24 fev 2017 às 19:03

Cerca de 80 imóveis serão levados a leilão, no dia 6 de março, para que parte dos valores arrecadados sejam utilizados em quitação de débitos junto ao Município. A iniciativa é resultado da atuação da Gerência de Execução Fiscal da Procuradoria-Geral do Município (PGM). Este é o maior número de imóveis encaminhados a leilão por meio de execução fiscal, na história da PGM.

Segundo o procurador-geral do Município, João Luiz Esteves, o índice histórico é fruto do trabalho e da conjugação de esforços de toda a Gerência de Execução Fiscal. "Todos trabalham para um fim comum que é, em última análise, incrementar a arrecadação do Município para que os serviços públicos possam atender a população, serem expandidos e melhorados", afirmou.


Esteves salientou ainda a cooperação entre a PGM e a Secretaria Municipal de Fazenda. "Nosso foco é a eficiência. Estamos aprimorando os mecanismos da execução fiscal, principalmente em relação aos grandes devedores", destacou.

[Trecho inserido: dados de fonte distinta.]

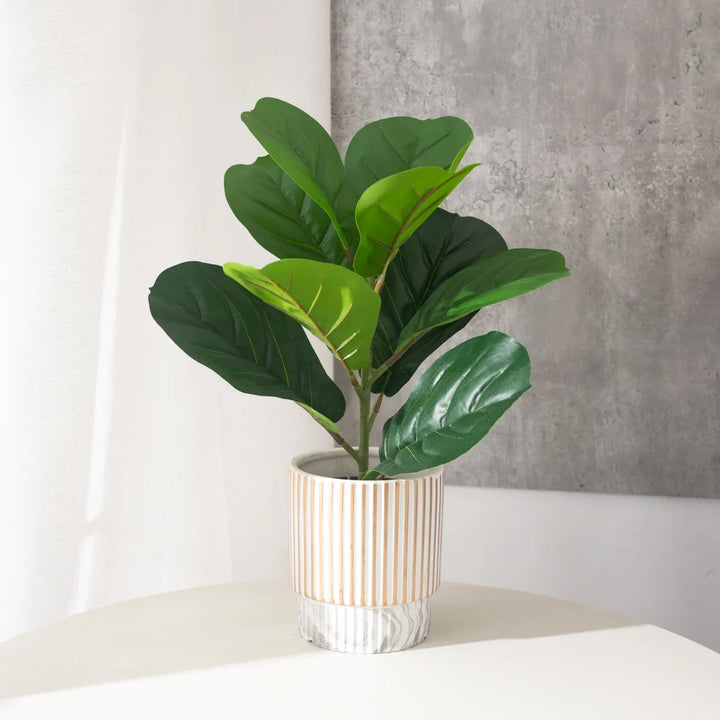 38cm Artificial Ficus Plant – Small Desk & Home Decor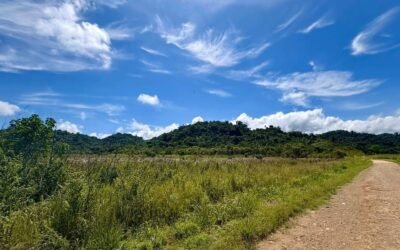 13-acre off-grid hilltop lot near ATM Cave – photo 8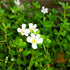 Generic (3-Count) Bacopa Monnieri Live Freshwater Aquarium Stem Plant | Hardy, Versatile, Fast-Growing Aquatic Plant
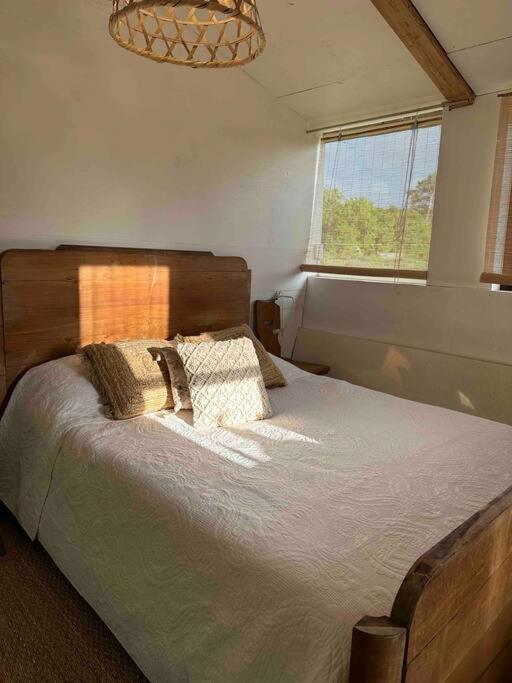 Cosy Cabane Boise Solaire, Balneo Bath Et Toilette Seche A La Ferme Mimizan Exterior photo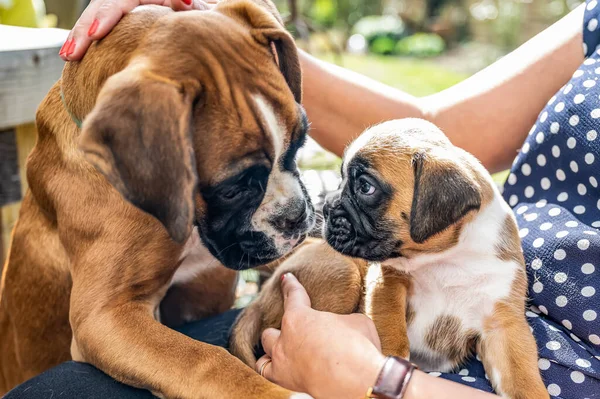 4 тижні молоді чистокровні золоті цуценята боксерські собаки — стокове фото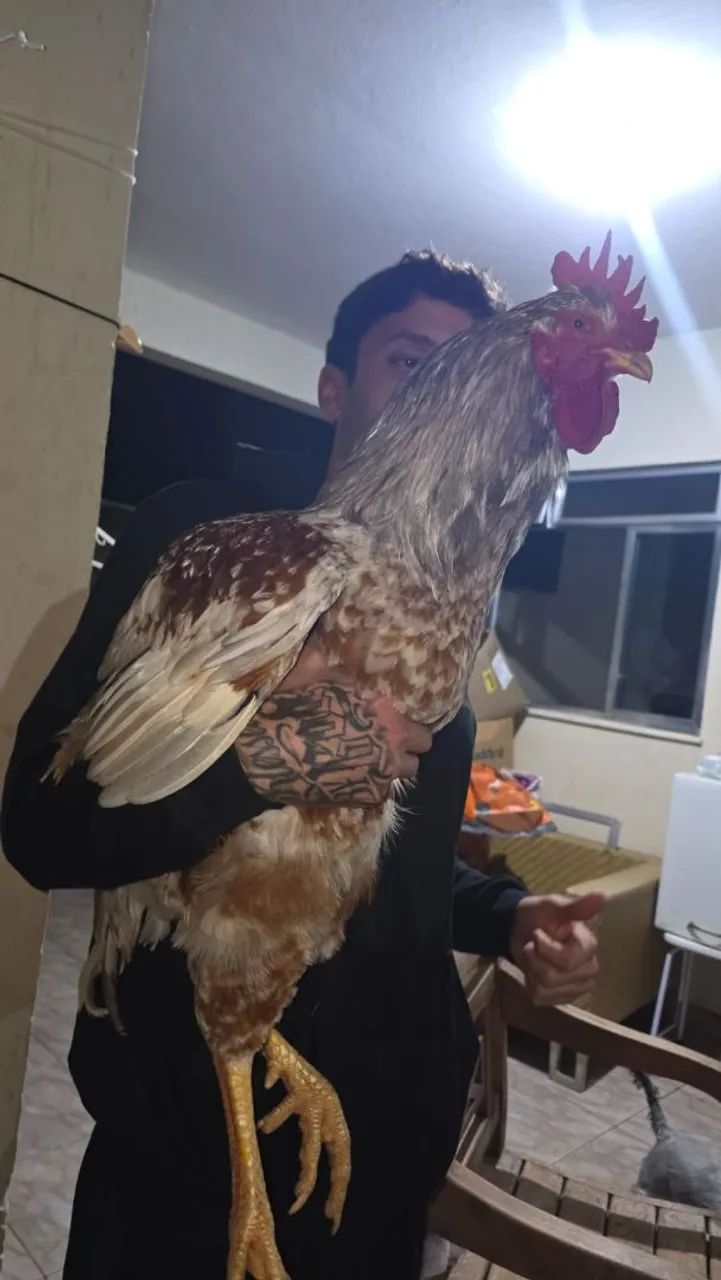 Frango GSB 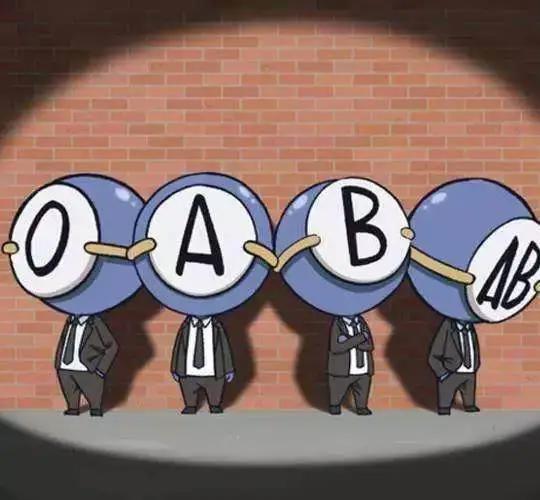 一集动漫，一碗泡面，说是泡面番但实际上信息量绝对很大！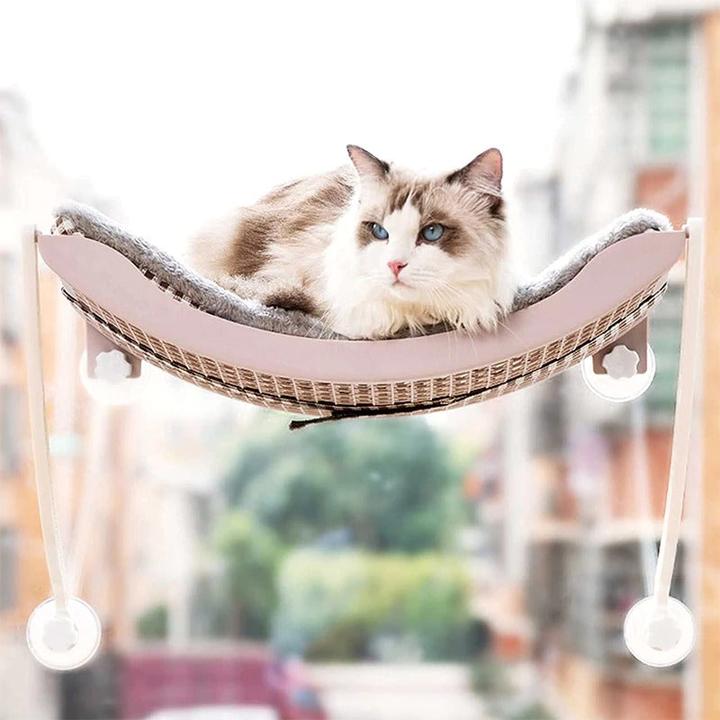 Immagine prodotto Hermex Letto per gatti amaca appesa Cesto per gatti Nido per gatti Divano per gatti grigio (Gatto)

O gerente de Execução fiscal da PGM, procurador Marcelo Moreira Candeloro, explicou que a execução fiscal atinge os débitos inscritos em dívida ativa pela Secretaria Municipal de Fazenda. "Para chegar ao ponto de o bem do contribuinte ir a leilão, várias outras formas de cobrança foram realizadas", disse.

De acordo com Candeloro, os imóveis que serão leiloados passam por avaliação, e são levados a duas praças. Na primeira ocasião, o lance oferecido no leilão não pode ser inferior ao valor da avaliação. Se não houver comprador, o bem vai para a segunda praça, em uma nova tentativa de venda. "É uma situação em que o interesse público está em jogo, pois o não pagamento dos tributos gera um problema social. Trata-se de valores que são utilizados em prol de toda população, com melhorias na cidade e na prestação de serviços de qualidade", ressaltou.